Many more are leaving without having learned even basic literacy and numeracy skills, the UN said.
Unesco's 2005 Education For All report also reveals a continuing gender inequality in education.
Two thirds of children who do not attend school are girls. Two thirds of the 800 million illiterate people around the world are women.
Dropping out
The report monitors the progress of 160 countries towards achieving universal education.
School attendance is increasing, but not fast enough, the report found.
Around the world, over 100 million children do not go to school.
Moreover, an improvement in school attendance has not, in mainly developing countries, been matched by an increase in teachers or in education funding, the report said.
 | If the quality is not satisfactory and the content of what is being taught is not relevant to the learners, they will drop out  |
Unesco's Ingeborg Breines said that getting children into the classroom is only part of the task.
"For many years the developing countries have thought that the main bottleneck was to get the children to school."
"Little by little they have experienced that if the quality is not satisfactory and the content of what is being taught is not relevant to the learners, they will drop out," she added.
Struggling teachers
In some African countries Unesco found teachers struggling with classes of 60 or more children.
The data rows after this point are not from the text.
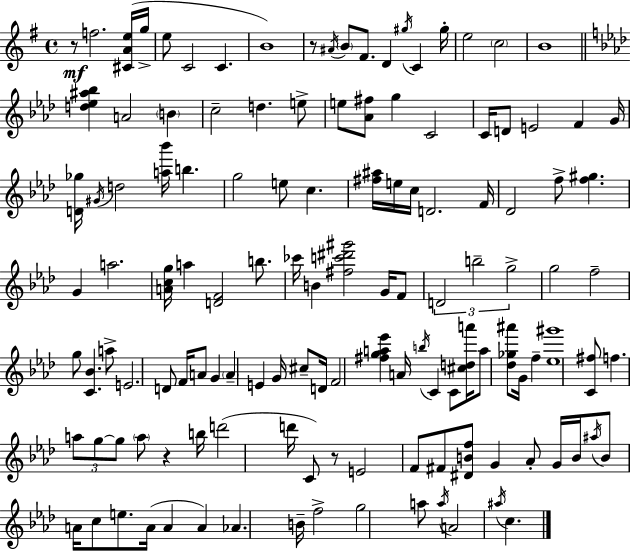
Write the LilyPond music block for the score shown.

{
  \clef treble
  \time 4/4
  \defaultTimeSignature
  \key g \major
  \repeat volta 2 { r8\mf f''2. <cis' a' e''>16( g''16-> | e''8 c'2 c'4. | b'1) | r8 \acciaccatura { ais'16 } \parenthesize b'8 fis'8. d'4 \acciaccatura { gis''16 } c'4 | \break gis''16-. e''2 \parenthesize c''2 | b'1 | \bar "||" \break \key aes \major <d'' ees'' ais'' bes''>4 a'2 \parenthesize b'4 | c''2-- d''4. e''8-> | e''8 <aes' fis''>8 g''4 c'2 | c'16 d'8 e'2 f'4 g'16 | \break <d' ges''>16 \acciaccatura { gis'16 } d''2 <a'' bes'''>16 b''4. | g''2 e''8 c''4. | <fis'' ais''>16 e''16 c''16 d'2. | f'16 des'2 f''8-> <f'' gis''>4. | \break g'4 a''2. | <a' c'' g''>16 a''4 <d' f'>2 b''8. | ces'''16 b'4 <fis'' c''' dis''' gis'''>2 g'16 f'8 | \tuplet 3/2 { d'2 b''2-- | \break g''2-> } g''2 | f''2-- g''8 <c' bes'>4. | a''8-> e'2. d'8 | f'16 a'8 g'4 \parenthesize a'4-- e'4 | \break g'16 cis''8-- d'16 f'2 <fis'' g'' a'' ees'''>4 | a'16 \acciaccatura { b''16 } c'4 c'8 <cis'' d'' a'''>16 a''8 <des'' ges'' ais'''>8 g'16 f''4-- | <ees'' gis'''>1 | <c' fis''>8 f''4. \tuplet 3/2 { a''8 g''8~~ g''8 } | \break \parenthesize a''8 r4 b''16 d'''2( d'''16 | c'8) r8 e'2 f'8 fis'8 | <dis' b' f''>8 g'4 aes'8-. g'16 b'16 \acciaccatura { ais''16 } b'8 a'16 c''8 | e''8. a'16( a'4 a'4) aes'4. | \break b'16-- f''2-> g''2 | a''8 \acciaccatura { a''16 } a'2 \acciaccatura { ais''16 } c''4. | } \bar "|."
}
Teacher's salaries were often not enough to guarantee basic living standards and teacher training was rudimentary.
In some schools mathematics teachers had only basic numeracy skills. They often scored less than their own pupils on tests.
Such lack of quality leads to high dropout rates, and to children leaving school having learned very little.
Unesco wants greater political commitment to schooling, starting with a promise by governments to allocate at least 4% of their Gross Domestic Product (GDP) to education.